I don't think we should necessarily create this function, but rather leave it at
> +static inline FloatParts128 float128_unpack_raw(float128 f)
> +{
> + return unpack128_raw(float128_params, uint128_make128(f.low, f.high));
> +}
... this one, and construct the FloatParts128 directly from the float128
components. E.g.
int f_size = float128_params.frac_size;
int e_size = float128_params.exp_size;
return (FloatParts128) {
.sign = extract64(f.high, f_size + e_size - 64, 1);
.exp = extract64(f.high, f_size - 64, e_size);
.frac = extract128(int128_make128(f.low, f.high),
0, f_size);
};
I don't want to over-generalize this just yet.
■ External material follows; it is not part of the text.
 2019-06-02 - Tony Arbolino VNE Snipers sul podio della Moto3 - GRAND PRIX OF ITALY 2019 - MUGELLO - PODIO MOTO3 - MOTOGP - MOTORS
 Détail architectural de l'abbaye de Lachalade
> +static inline Uint128 pack128_raw(FloatFmt fmt, FloatParts128 p)
> +{
> + const int sign_pos = fmt.frac_size + fmt.exp_size;
> + Uint128 ret = deposit128(p.frac, fmt.frac_size, fmt.exp_size, p.exp);
> + return deposit128(ret, sign_pos, 1, p.sign);
> +}
Likewise, omit this and only have
> +static inline float128 float128_pack_raw(FloatParts128 p)
> +{
> + Uint128 out = pack128_raw(float128_params, p);
> + return make_float128(uint128_gethi(out), uint128_getlo(out));
> +}
this.
> +/* Almost exactly the same as sf_canonicalize except 128 bit */
> +static FloatParts128 sf128_canonicalize(FloatParts128 part, const FloatFmt
> *parm,
> + float_status *status)
I think we may have reached the point of diminishing returns on structure
returns. This is a 196-bit struct, and will not be passed in registers
anymore. It might be better to do
static void sf128_canonicalize(FloatParts128 *part,
const FloatFmt *parm,
float_status *status)
and modify the FloatParts128 in place.
> + bool frac_is_zero = uint128_eq(part.frac, uint128_zero());
With Int128, we'd use !int128_nz().
> +/* As above but wider */
> +static FloatParts128 round128_canonical(FloatParts128 p, float_status *s,
> + const FloatFmt *parm)
> +{
> + /* Do these by hand rather than widening the FloatFmt structure */
> + const Uint128 frac_lsb = uint128_lshift(1, DECOMPOSED128_BINARY_POINT -
> parm->frac_size);
You can't pass constant 1 on 32-bit.
Maybe add a int128_makepow2(exp) function to make this easier?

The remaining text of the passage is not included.